Au lieu de les laisser s’abandonner à l’appel d’Internet, il s’agit de leur rappeler les charmes et les vertus du papier. Notre nouveau ministre de la culture ne s’y trompe pas en décrivant la Nuit de la lecture comme « une fête ouverte à tous les lecteurs, quels que soient leur âge et leurs goûts ; une fête ouverte à tous les livres, quels que soient leur genre et leur format ». Il n’y a plus de mauvais livres ou de « mauvais genres » comme il en existait encore au temps où la lecture de romans policiers était vue avec mépris. Il s’agit de célébrer l’universalité de la lecture de livres.
Il faut dire que depuis 1973 les déclarations de pratiques intensives de lecture de presse et de livres connaissent une érosion régulière. Les enquêtes Pratiques culturelles des Français ont montré par ailleurs que chaque nouvelle génération lisait moins (de livres) que la précédente. Ce repli du livre est donc une tendance qui aura du mal à s’inverser.
Plus globalement, c’est le statut de la lecture dans notre société qui est remise en question. La culture littéraire ne fait plus partie des pratiques constitutives de la formation, du recrutement et de la vie des élites. Certes, notre ministre de l’Economie et des finances vient de faire paraître un récit, mais il est obligé d’expliquer qu’il l’a rédigé sur le temps de ses vacances et n’en tirera pas une légitimité supplémentaire.
Le fait est que le bac littéraire ne représente même plus un dixième du total des bacheliers en 2015. Les formations élitistes supposent des compétences mathématiques, juridiques, économiques. La lecture n’en est pas absente mais elle remplit une fonction instrumentale d’accès aux connaissances et n’est ni sa propre fin ni une source évidente de reconnaissance. Rares sont les romans faisant l’objet de débats au-delà du cercle du milieu littéraire. Leurs enfants après eux de Nicolas Mathieu en a fait partie au bénéfice du mouvement des gilets jaunes mais le dernier Michel Houellebecq, pourtant lancé à grand renfort de presse, a quitté bien vite l’actualité générale.
La Nuit de la lecture apparaît comme une réponse (modeste) à cet affaiblissement symbolique du livre dans notre société.
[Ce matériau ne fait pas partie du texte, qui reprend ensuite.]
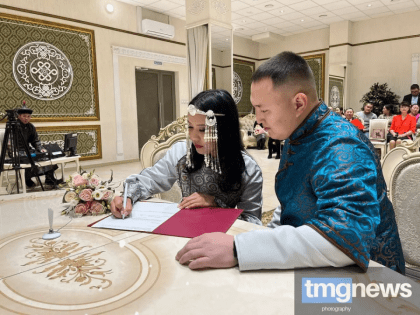 В Кызыле зарегистрирован первый брак 2023 года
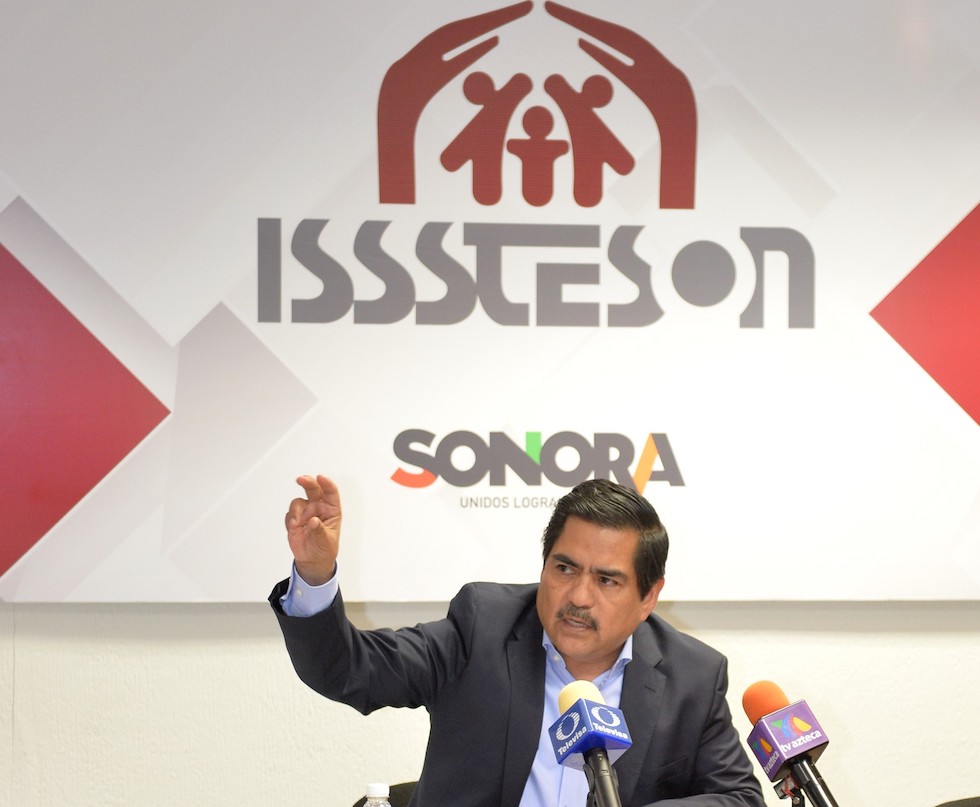 Paga Isssteson conforme a la Ley a pensionados y jubilados: Pedro Ángel Contreras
Le monde du livre entend montrer et démontrer les charmes de la lecture. Comme les manifestations littéraires qui émaillent le territoire au printemps et à l’automne, au creux de l’hiver, elle vient rassembler les croyants et pratiquants du livre et au premier chef dans les lieux qui lui sont traditionnellement dédiés (bibliothèques, librairies, CDI). La Nuit sera donc avant tout un moment de communion des croyants et pratiquants autour d’une sorte de fétiche, pour les professionnels comme pour les amateurs. L’enquête sur les manifestations littéraires pour le Centre National du Livre montre que les publics de ces événements ont « plutôt le goût de la lecture et de la culture ».
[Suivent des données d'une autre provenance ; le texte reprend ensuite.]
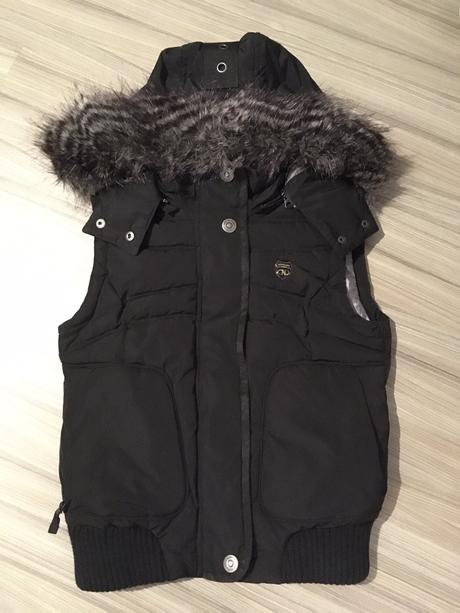 Čierna vesta zn.northland, 34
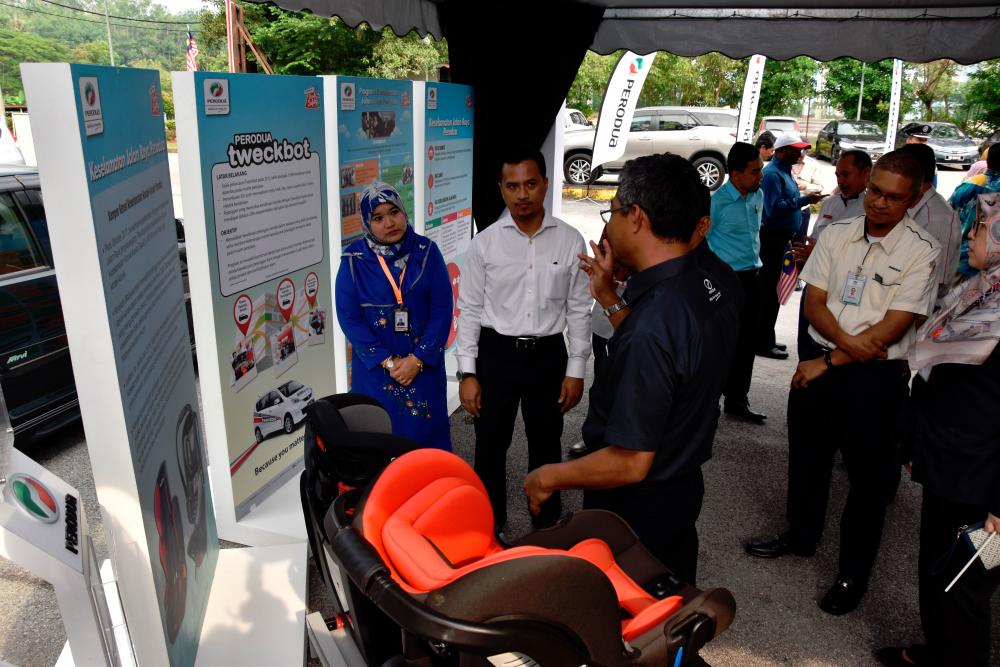 $!Yang Dipertua MDHS Shukri Mohamad Hamin melawat ruang pameran keselamatan Perodua, semasa kempen ‘Kibarkan Jalur Gemilang’, semalam.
Comment peut-on être lecteur ?
Si donc la lecture n’est plus une condition de la participation aux élites, pourquoi la lecture serait-elle encore d’actualité ? Si le livre n’est plus un support constitutif du statut des élites, il peut faire l’objet d’un investissement à titre personnel, encore plus facilement qu’avant. D’une pratique issue d’une contrainte sociale, la lecture devient un choix personnel. Et plusieurs sociologues n’excluent pas que l’érosion de la lecture soit en partie en trompe l’œil. Elle est en effet mesurée à travers la baisse des lectures déclarées. D’ailleurs, si le marché du livre tend à s’éroder ces dernières années (on attend -2 % pour 2018 d’après les dernières données GfK citées récemment par Livres-Hebdo), il ne s’est pas écroulé depuis les années 1970.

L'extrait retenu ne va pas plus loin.